“Psyco”: Alfred Hitchcock regala lezioni di cinema

Psyco (1960) di Alfred Hitchcock.
Certo che molte volte la critica ne prende di cantonate.
Fortunatamente dopo estenuanti riflessioni ritorna sui suoi passi, ma quanta fatica.
Ne sa qualcosa quel piccolo (ma neanche tanto) capolavoro consegnatoci nel 1960 da Alfred Hitchcock, conosciuto con il nome di Psycho.

Un’opera di genere (quello che ha contribuito a creare), destinata ad essere ricordata nei secoli come una delle più grandi lezioni sul brivido cinematografico, citata e omaggiata nei più svariati dei modi (come ad esempio nello stupendo incipit di Halloween di John Carpenter).
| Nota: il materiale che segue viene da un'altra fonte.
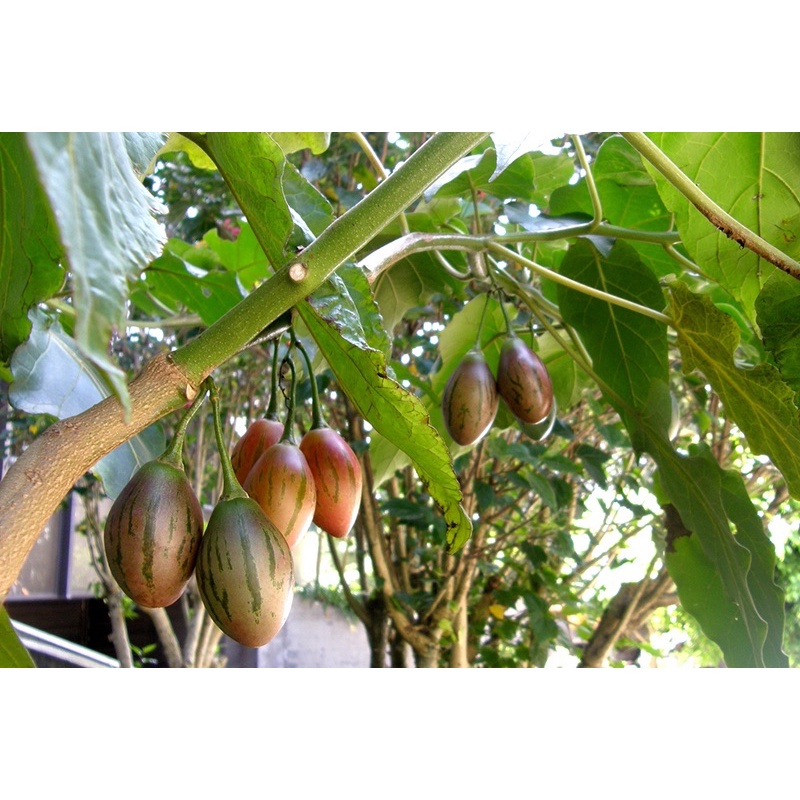 1 KG CÀ CHUA THÂN GỖ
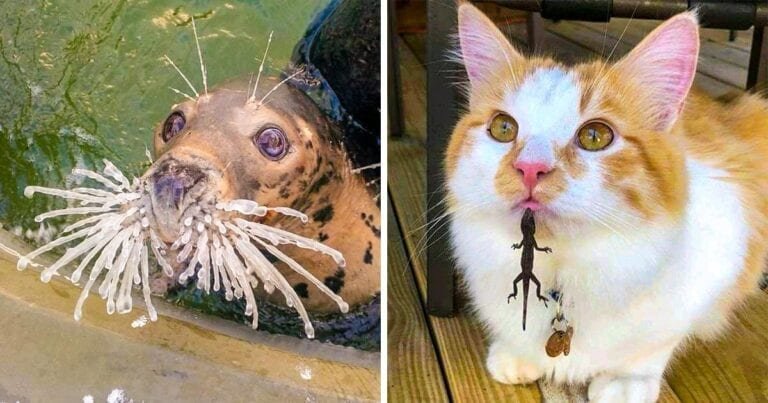 20 de animale care te pot înveseli mai bine decât orice comediant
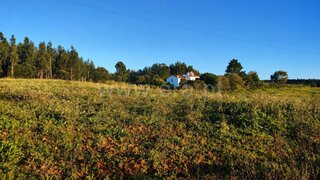 Land for sale in Bombarral, Portugal — €165,000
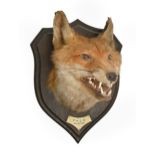 Taxidermy. Head of a fox, 1930, mounted by Rowland Ward Ltd Naturalists, The Jungle, 167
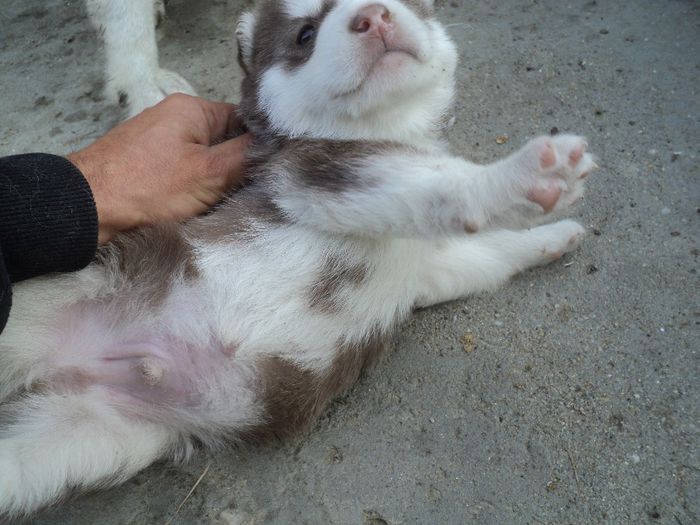 DSC02358; din seria 2013
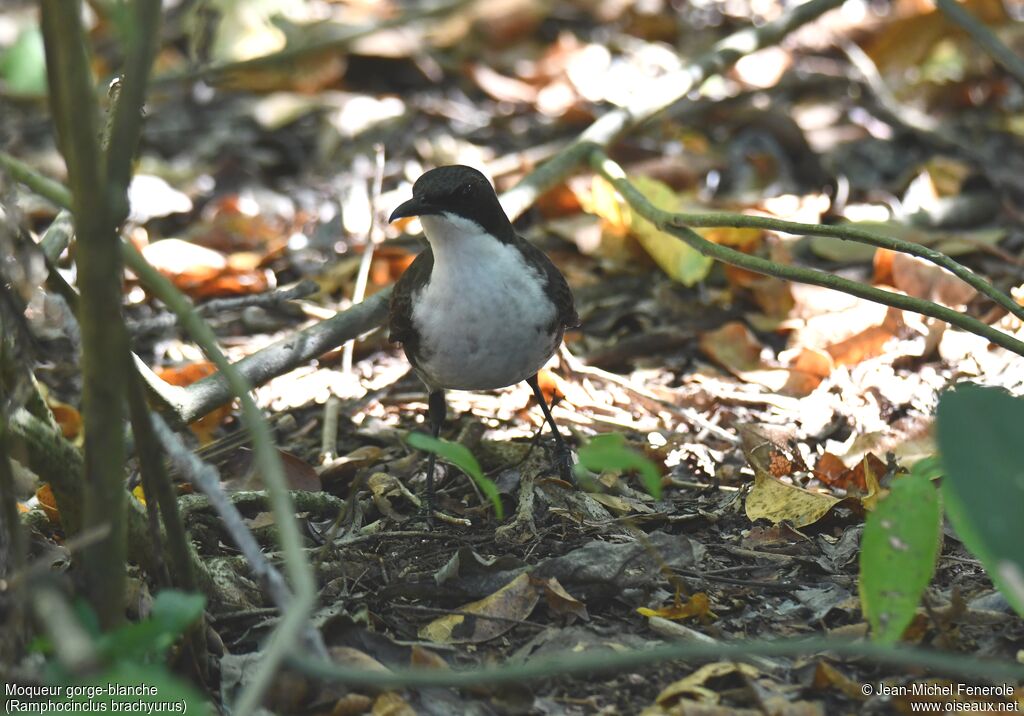 White-breasted Thrasher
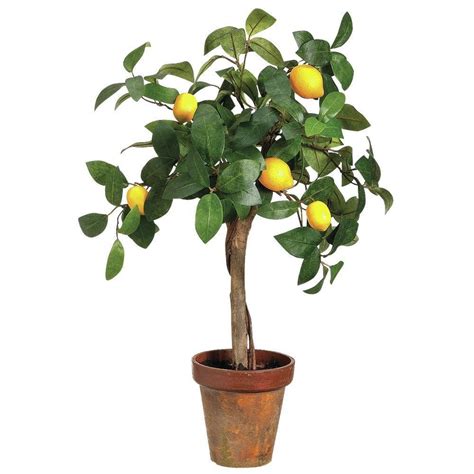 22'H Young Lemon Topiary in Pot -- Check out this great image (This is an amazon affiliate link ...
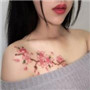 芭蕉视频app最新ios下载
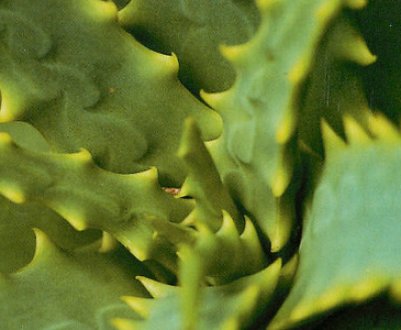 Як доглядати за столітником в домашніх умовах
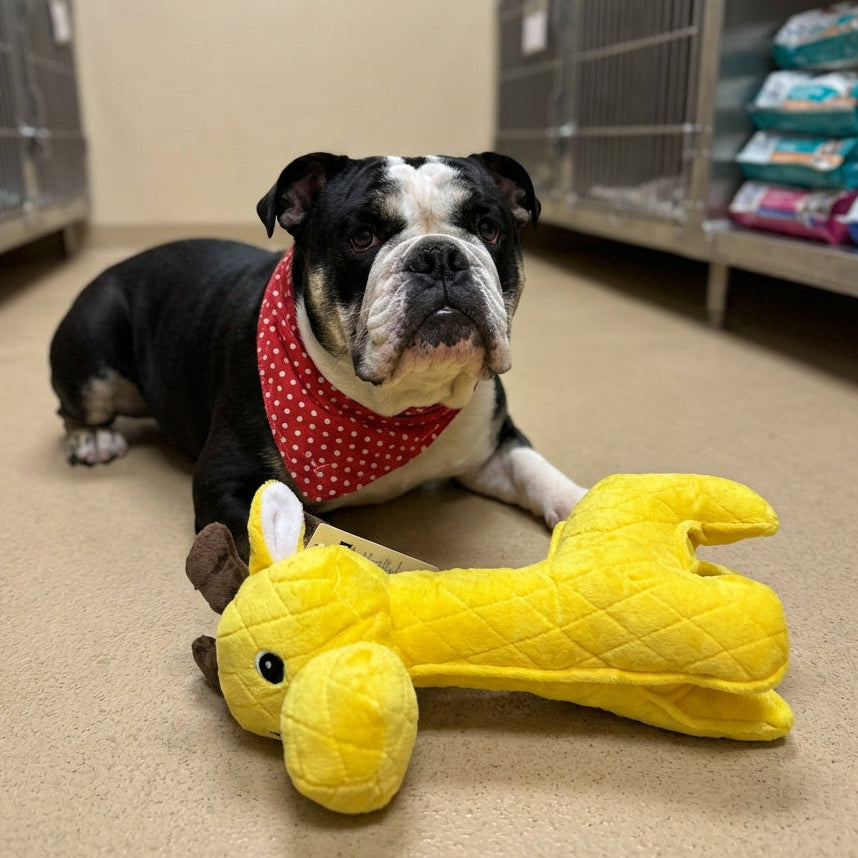 Zeus Number #4 :Giraffe Dog Toy, Yellow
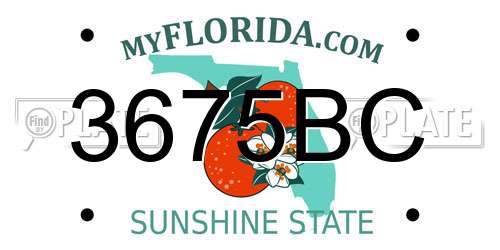 3675BC Florida License Plate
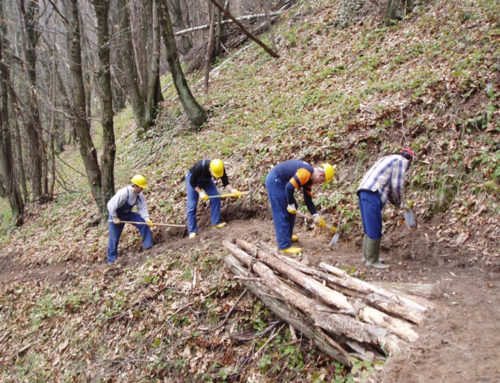 Forestali Regione Siciia – N. 60 addetti accoglienza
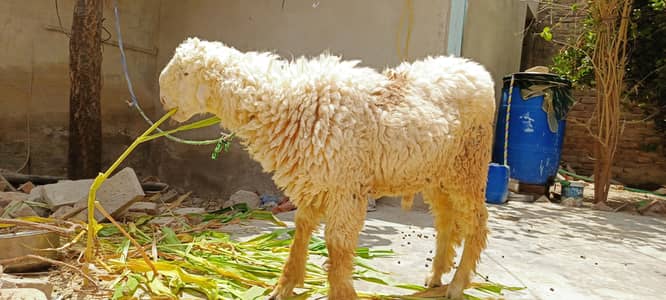 sheep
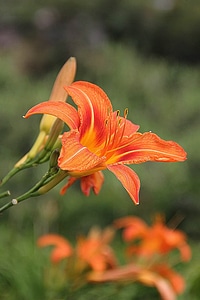 Beautiful Flowers bloom blooming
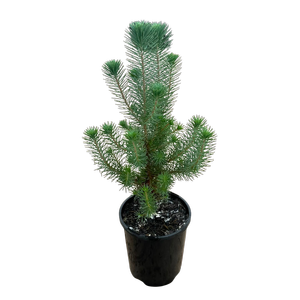 140mm Pinus Pine Nut - Pinus pincea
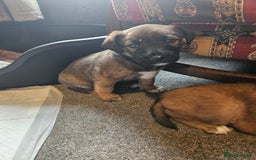 Mixed Breed dogs for sale: Adorable Lurcher Cross Puppies Available! - Image 2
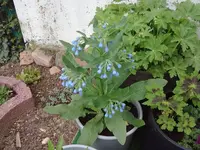 mertensie.webp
Chi di dovere all’epoca non lo aveva capito, ma come dargli torto:
Quel film era stato concepito solo ed esclusivamente per il pubblico (quale pellicola di Hitchcock d’altronde non lo era), mandando al diavolo le più banali regole cinematografiche conosciute, giocando con lo spettatore nel più intrigante dei modi ed entrandone in sintonia, lasciandolo libero di diventare un tutt’uno con la storia ed intuirne i concetti sottintesi.
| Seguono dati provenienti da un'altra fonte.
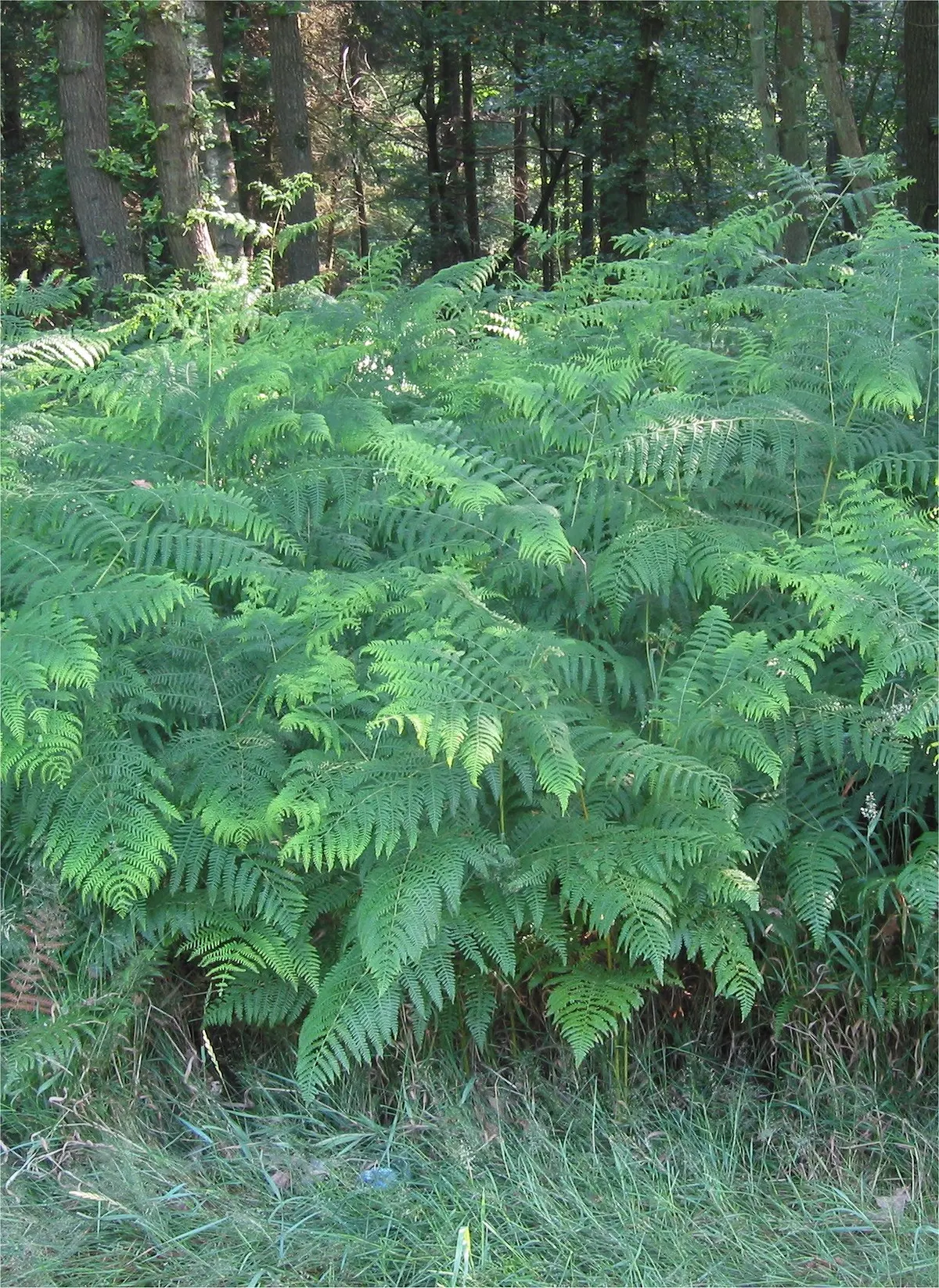 Helecho real (Pteridium aquilinum) — foto real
[SPOILER!] La morte della protagonista (o presunta tale) nella prima metà del film, chiusa all’interno di quel claustrofobico ambiente domestico e vittima delle numerose pugnalate inferte da una misteriosa figura femminile, rappresenta quello che si potrebbe benissimo definire come Cinema Allusivo allo stato puro.
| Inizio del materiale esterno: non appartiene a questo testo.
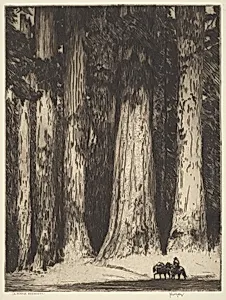 California Redwoods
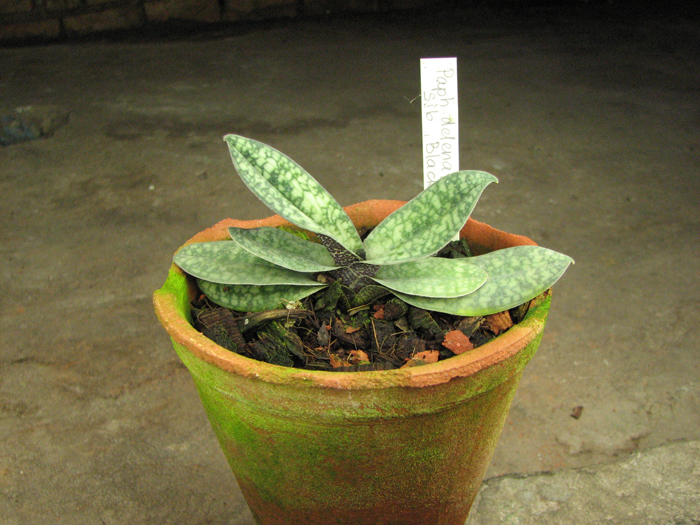 Paphiopedilum delenatii 'Giant' x sib 'Black Foligue'.jpg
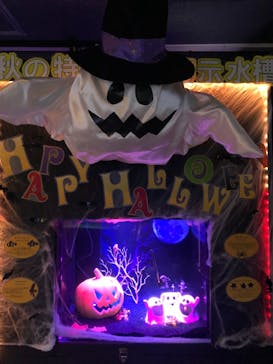 ゼロ距離水族館 伊勢シーパラダイスに投稿された画像（2023/9/16）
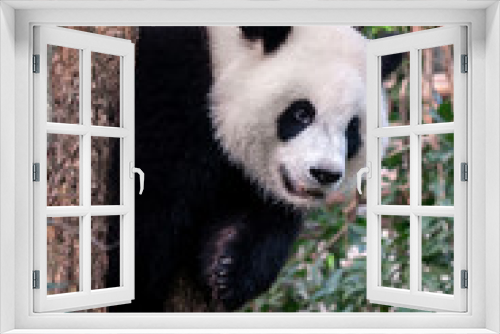 Fototapeta Naklejka Na Ścianę Okno 3D - Giant panda bear in tree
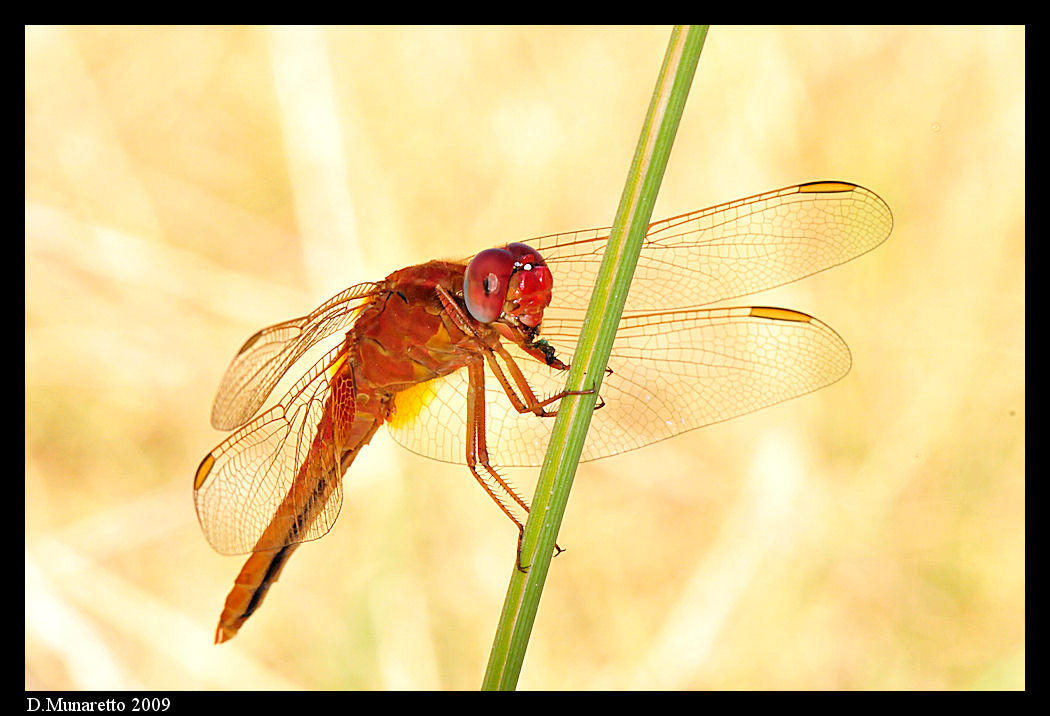 Libellula rossa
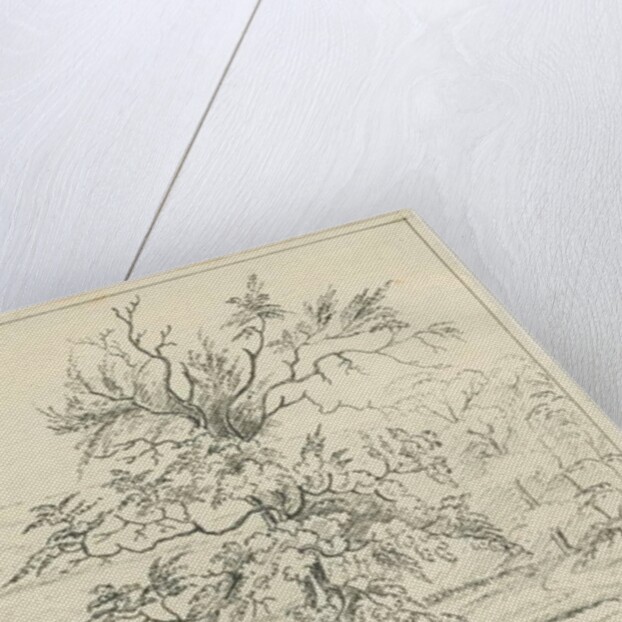 Cannock Chase by School English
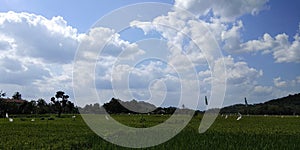 Paddy field under the hillside blue sky white cloud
Quarantacinque secondi (girati in una settimana) e in nessun fotogramma si riesce a vedere l’immagine della lama che penetra la carne.
Ma i tagli ci sono, eccome:
Sono quelli del montaggio serrato, violento, atroce e ad ogni colpo, la figura di quel coltello è talmente nitida nella nostra mente da poterne descrivere ogni singolo movimento sfuggito alla telecamera. [FINE SPOILER]
Scene che rimangono impresse, come l’inquietante sorriso finale di Anhtony Perkins, culmine di quel complesso edipico fondamentale alla narrazione.
Feticismo, forse questo è il termine più adatto.
Nei confronti della rappresentazione, di ciò che essa può comunicare, ma anche vero e proprio culto del fruitore di tale messaggio:
Noi.
Forse nessun altro regista ha avuto un tale rispetto nei confronti del suo pubblico.